She ignored that and said, “A honeytrap also does not compute. Unless Harry Vance is not the same man you described.”

“Right. Harry was a pro.” He added, “Let’s hear what Mark Jenkins has to say.”

Taylor nodded.

Brodie watched out the window as the elevated train rumbled over the city. He looked north toward Alexanderplatz and the adjacent Berlin TV Tower, an imposing concrete shaft topped with a steel sphere and a broadcast antenna. It was built by the East Germans as a display of Communist power and ingenuity, and had since morphed from a symbol of Cold War division into an icon of a united Germany—just like the Brandenburg Gate and the remnants of the Wall, and probably a dozen other sights and symbols in this city of multiple personality disorders. The tower was still used for broadcasting, and Brodie recalled that it contained a rotating restaurant where you could enjoy some of the best views and worst food in all of Berlin. Beware of restaurants that rotate.

“The Pope’s revenge,” said Taylor.

“What?”

She pointed out the window toward the tower. “The sunlight makes a cross on the sphere. I read that during the Cold War it was called the Pope’s revenge.”

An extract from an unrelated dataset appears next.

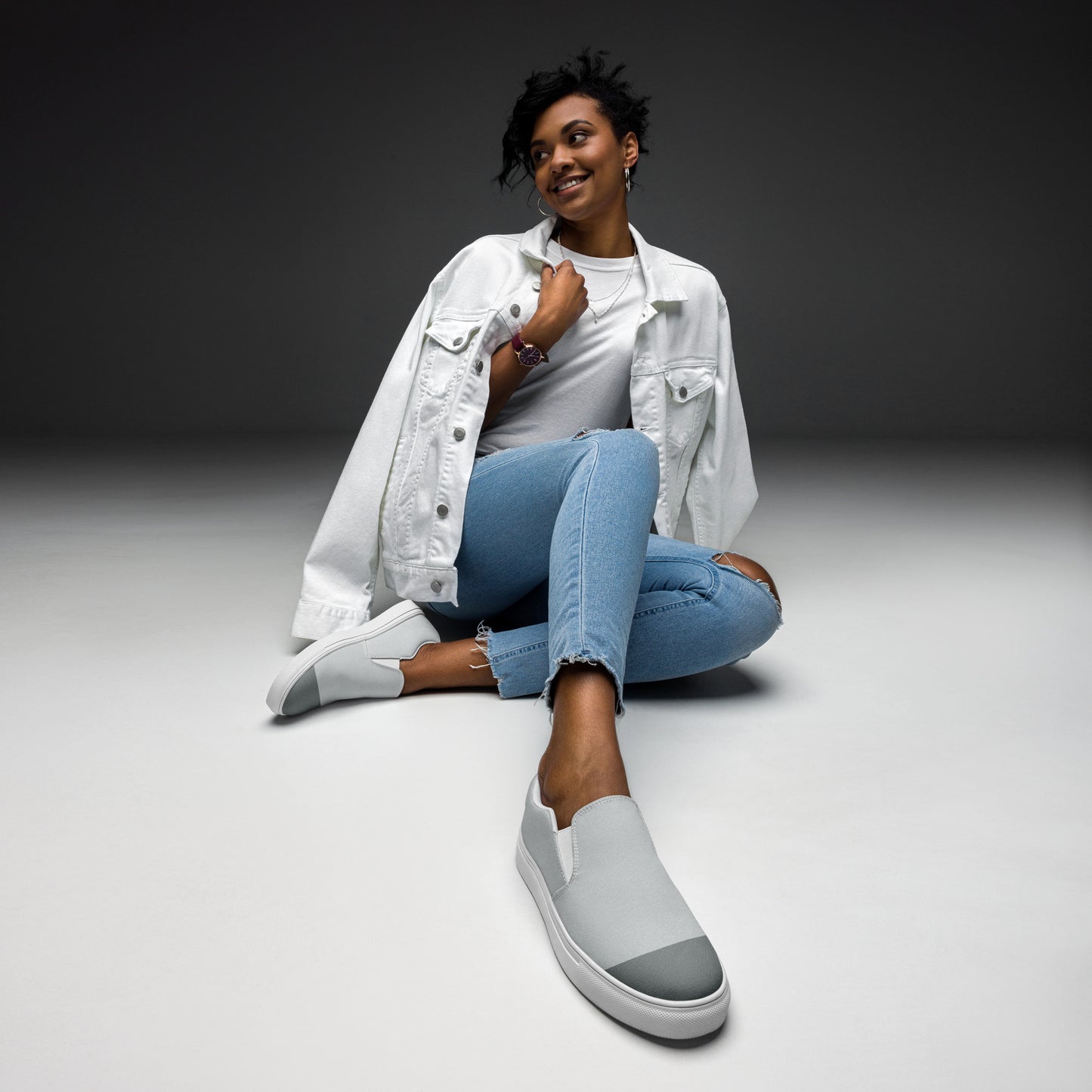 NEVER LOSE HOPE Women’s Slip-On Canvas Shoess (Gray)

Brodie looked at the cross of sunlight on the paneled sphere. He didn’t put a whole lot of stock in spiritual symbolism, and he’d never seen the Virgin Mary in his morning pancakes. But he hoped this accidental refraction of sunlight had brought a little solace—or at least bitter amusement—to the Christians forced by circumstance to live on the wrong side of the Wall, where the state religion was no religion.

They changed trains, and after a few more stops they got out at Alexanderplatz Station, a large structure with a vaulted roof and a bustling platform.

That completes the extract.